One senses that Samsung cut the 10.1’s price by $100 to avoid direct competition with the iPad. Too bad other tablet makers had the same idea. Now in its second generation, the 10.1 finds itself against other mid-range 10-inch Android tablets, including the ASUS Transformer Pad TF300 ($380 and up) and the Acer Iconia Tab A510 ($450). And if Samsung really was trying to escape the iPad, well, it didn’t work: the iPad 2 now costs $399, and though its display isn’t the stunner you’ll find on the new iPad, its long battery life, slim design and exhaustive app catalog still make it a good buy.
Leaving the iPad out of this for a second (not everyone prefers Apple’s ecosystem, after all), the new 10.1 will probably still struggle to stand out. For $20 less, the TF300 offers comparable battery life, a bright IPS display, a superior camera and unskinned Android, if you’re into that sort of thing. And though the Transformer’s signature keyboard dock ratchets the cost up by $150, the fact that it’s even possible to use the TF300 this way makes it a more compelling option. Meanwhile, the Acer Iconia Tab A510 whips the 10.1’s butt in performance and longevity, and it, too, has a pleasing design. That’s not to say we’d heartily recommend spending $450 on the A510 when you could pay fifty dollars more and get a Transformer Prime or new iPad, but our point still stands: if an affordable 10-inch tablet is what you’re after, you’ve got lots of choices.

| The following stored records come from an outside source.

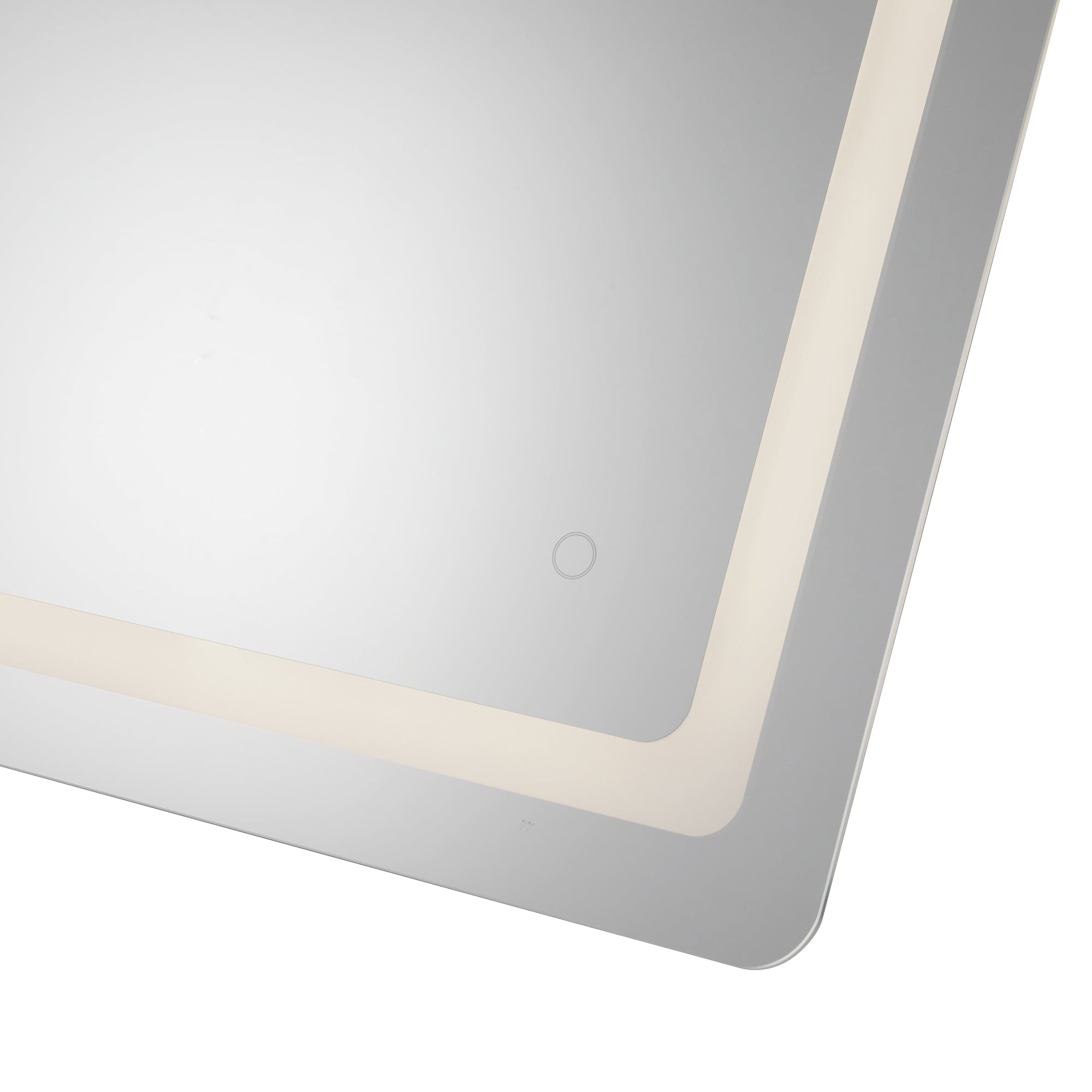 Seneca 32-in Sandblasted Merc Edge LED Vanity Mirror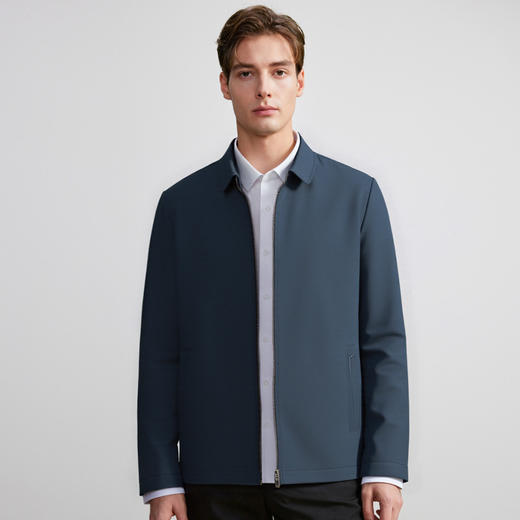 【垂感丝滑】罗蒙经典老干部夹克男士商务外套男士夹克爸爸装舒适男外套 商品图8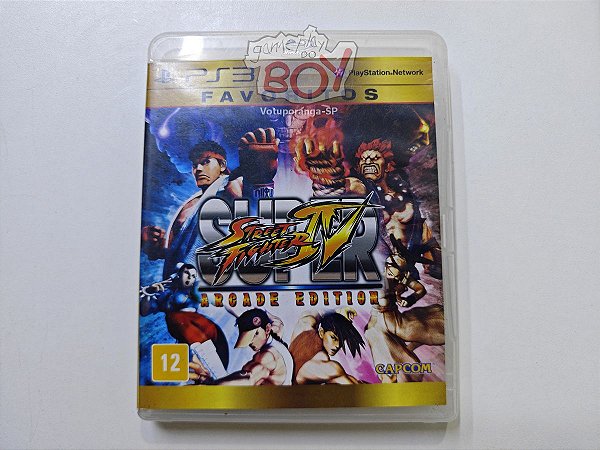 Super Street Fighter IV PS3 - Seminovo
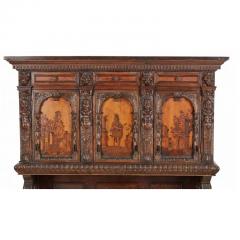 Antique Renaissance Style Marquetry Inlaid Cupboard - 4045823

Although the Galaxy Tab 2 10.1 is the clear successor to the original, it’s hardly an upgrade. It’s not materially better than the OG version — in fact, it’s worse in almost every way — and now Samsung finds itself in a market where it can’t compete as effectively as it used to. Sammy’s corporate heart was in the right place when it cut the price by $100, but it’s almost as if the company forgot other companies are doing the same thing — and stepping up their games in the process.
When ASUS, for instance, set out to create a cheaper alternative to the Transformer Prime, it compromised slightly on battery life and settled for a thicker, heavier design, but the Transformer Pad TF300 is nonetheless similar where it counts: like its big brother, it has an IPS display, quad-core Tegra 3 chip and an excellent camera. The 10-inch Galaxy Tab 2 actually costs more than the TF300, even though it packs last year’s specs and a hopelessly crippled shooter. If you have $400 to spend, you could buy an iPad 2 or the new Transformer and enjoy comparable (if not longer) battery life, along with smoother graphics and an improved imaging experience. Assuming you were going to ignore that camera anyway, you can’t exactly go wrong with the 10.1, but you could also do a lot better.